Gelsenkirchen. Wenn Stefan Raab zum PS-Spektakel auf Schalke lädt, dann zeigt ProSieben ganz bewusst und gerne Schrott: Zum neunten Mal ist am Samstag die “TV-Total-Stock-Car-Crash-Challenge“ ausgetragen worden. Joey Kelly triumphierte in der Königsklasse, und die allerletzte Runde durfte Charlotte Roche fahren.
Seit geraumer Zeit scheint es so, als zelebriere ProSieben im Wochentakt Festspiele zur Huldigung seines Star-Entertainers. Gestatten: Stefan Raab. Da lädt sein Haus- und Hofsender zum Kartenstapeln am Pokertisch, zur Elefanten-Runde am Vorabend der Wahl, zum bundesweiten Alternativ-Grand-Prix oder eben in die Arena auf Schalke.
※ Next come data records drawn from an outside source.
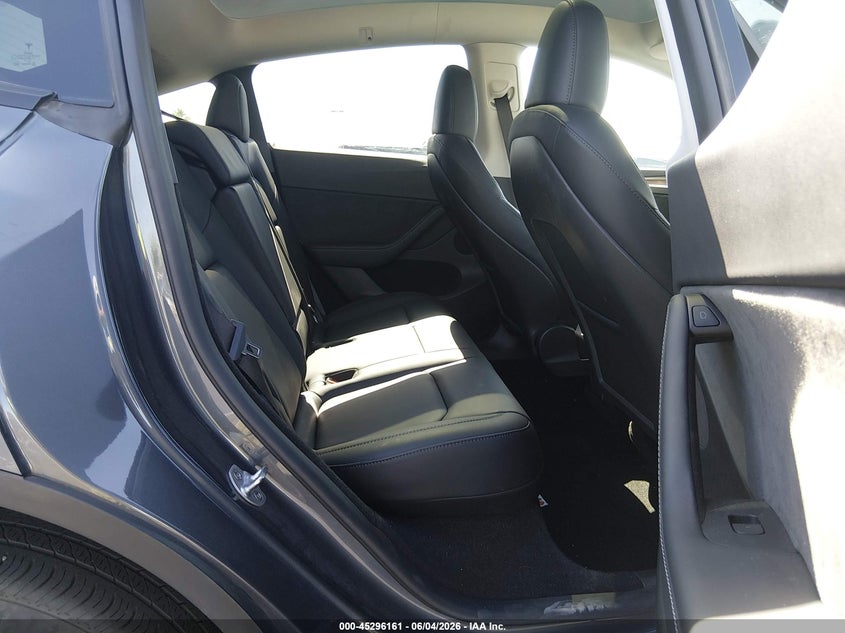 2023 Tesla Model Y Awd/Long Range Dual Motor All-Wheel Drive VIN: 7SAYGDEE2PF923928 Lot: 45296161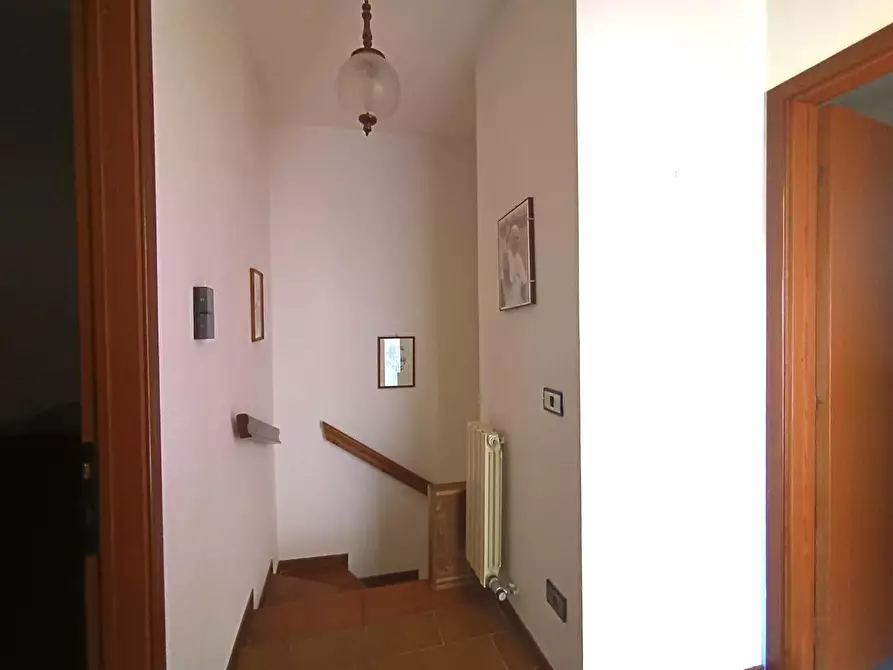 Immagine 12 di Villetta a schiera in vendita  a Barga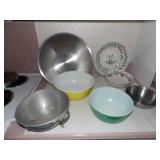 FHT067 Vintage Mixing Bowls and a Colander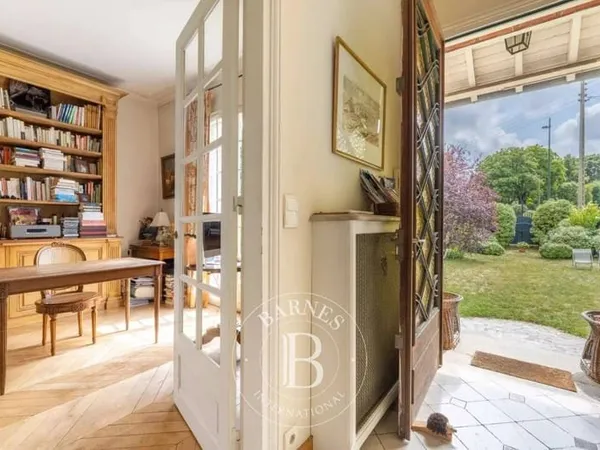 Maison 6 pièces 185 m²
Am Samstagabend zum neunten Auflauf seines vierstündigen automobilen Hau-Drauf-Events, der TV-Total-Stock-Car-Crash-Challenge.
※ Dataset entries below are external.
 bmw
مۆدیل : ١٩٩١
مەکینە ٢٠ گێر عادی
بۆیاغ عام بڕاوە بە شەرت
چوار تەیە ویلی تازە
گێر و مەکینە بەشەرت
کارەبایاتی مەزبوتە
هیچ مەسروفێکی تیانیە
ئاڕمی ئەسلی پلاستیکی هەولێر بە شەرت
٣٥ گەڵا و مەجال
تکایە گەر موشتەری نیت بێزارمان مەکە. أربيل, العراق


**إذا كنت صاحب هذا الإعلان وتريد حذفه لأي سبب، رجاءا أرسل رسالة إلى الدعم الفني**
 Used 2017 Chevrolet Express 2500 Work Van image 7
Dreißig mehr oder weniger prominente Bleifüße, unter ihnen Kult-Fußballer Hans Sarpei, TV-Total-Event-Tausendsassa Joey Kelly und Elton, Ekel-Autorin Charlotte Roche und die Motorsport-Profis Timo Glock und Timo Scheider, fuhren in fünf Wettbewerben um den Sieg. 1500er-, 1900er- und 3000er-Kubik-Klasse, einmal auf Geschwindigkeit, einmal auf Crash-Punkte. Eine Karavan-Karambolage und das „Bis-der-letzte-Reifen-platzt-Rodeo“ rundeten das Show-Event ab. So weit, so bekannt. Und irgendwie alles schon einmal da gewesen.
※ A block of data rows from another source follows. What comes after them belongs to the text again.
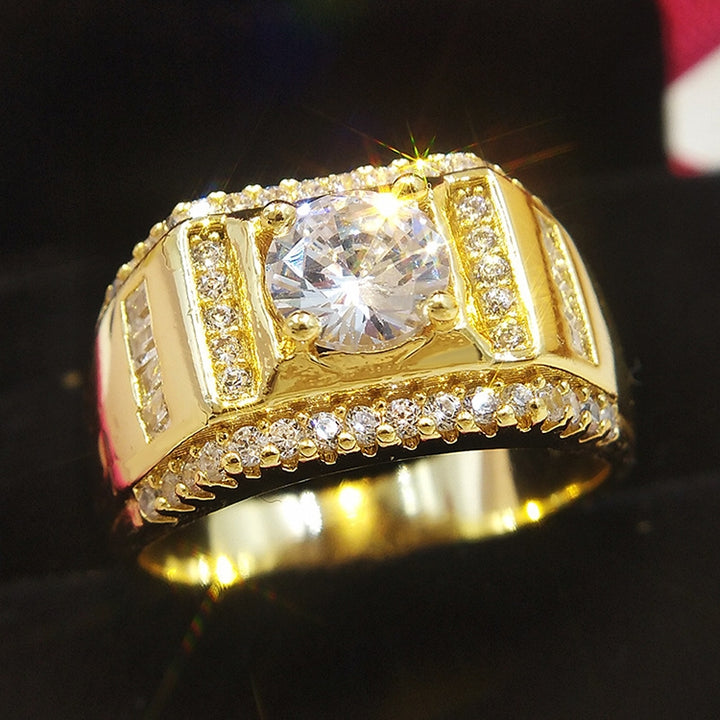 Fashion New Style Gold Plated + AAA Zircon Inlaid Rhinestone Men Diamond Ring, Size: 9, Diameter: 18.9mm, Perimeter: 59.5mm, Diameter: 18.9mm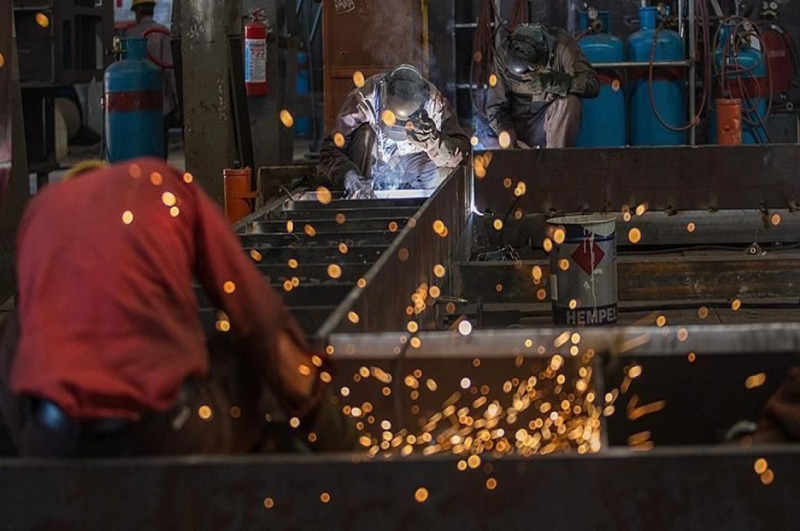 China's manufacturing sector contracted more than expected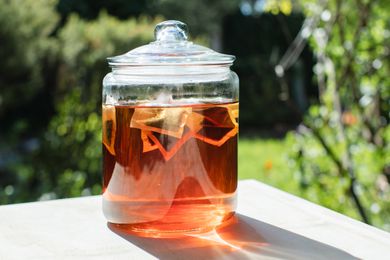 Making sun tea in a glass jar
Raab betritt das Schlachtfeld wie ein Imperator im Streitwagen
Böse Zungen behaupten gar, der Lack sei ab. Nicht nur buchstäblich bei den Karossen dieser Stock-Car-Crash-Challenge, sondern auch sinnbildlich in Form von Anziehungskraft der Raabschen TV-Total-Spektakel im Allgemeinen: Die Einschaltquoten nämlich pendeln in der Regel um den Senderschnitt.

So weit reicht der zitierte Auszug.